Claire Cooper underwent the TVT mesh sling operation in November 2008 after four years of suffering bad stress incontinence.

Three years after her operation, the mother-of-two had another operation that used high heat close to her sling and since then, she has been the victim of a catastrophic chain of events leading to lifelong, life-altering pain.

The 40-year-old said: “Initially, I had a few minor side effects from the sling but other than those, I was very pleased.

“Around this same time, I was also being treated for heavy periods and in 2011, it was suggested I had a thermal Endometrial Ablation using the balloon and boiling water method, which took place in November 2011.

“A day later, my nightmare began. I have never experienced tearing, sickening pain like it. Weeks went by, and then months, and despite procedure after procedure and subsequent time off from work, I was no better.

“I had a hysterectomy on January 24, 2013 and it was a total abdominal type, taking my cervix too. After a few weeks post op, it was clear I was in more pain than ever and I became desperate.

“I left employment in January 2014. I felt my life was over.

“I heard a feature on the TVT implants and the main speaker was Dr Sohier Elneil, a consultant urogynecologist. I contacted Dr Elneil and she agreed to see me. Very quickly, she diagnosed a very damaged sling and explained why.

“Because they are made of polypropylene plastic, they shrink with heat.

“And of course, I’d had the high-heat thermal ablation very close to it.

“On May 19, I was admitted for partial removal surgery.

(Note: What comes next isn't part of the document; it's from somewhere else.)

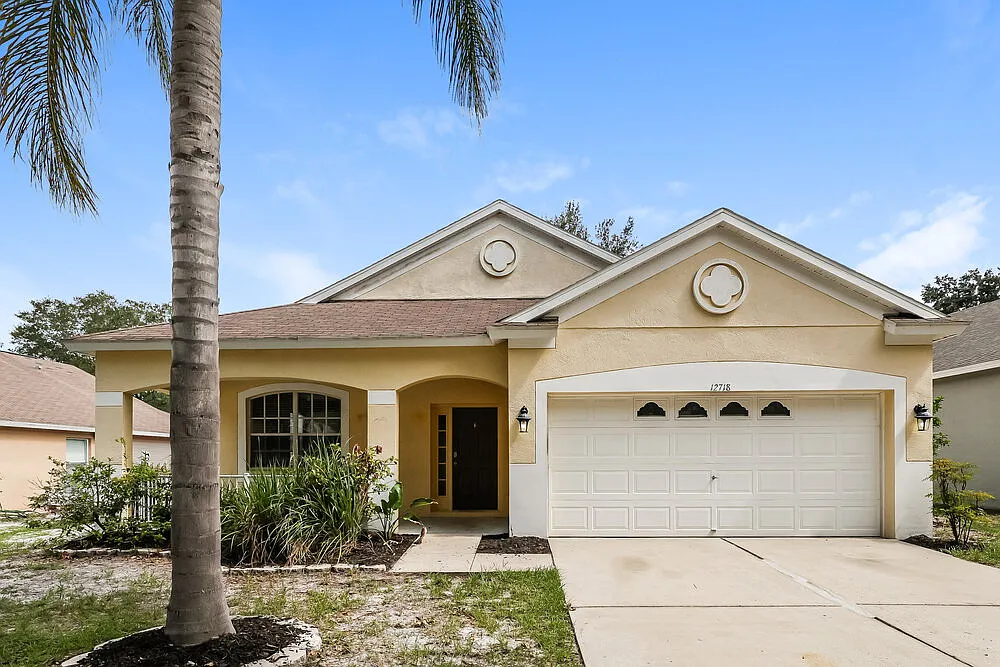 4 bed, 2.0 bath, 1686 sqft, $2,370 — Photo 1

It was found that the mesh had indeed shrunk to a stiff cheese wire and sliced through muscle, nerves and tissues before embedding itself.

“I then embarked on a series of degrading tests to see what was working and what wasn’t, and then wait for my tissue to heal enough to have repair surgery. I am now recovering from that surgery but my agony remains the same. I am maimed, pained and am half the women I once was.”

Claire is now backing a national campaign called Sling the Mesh to have the procedure stopped in England and Wales, as it was in Scotland last year.

The campaign also wants the risks to be fully explained to patients and a national register to be launched to track all future problems.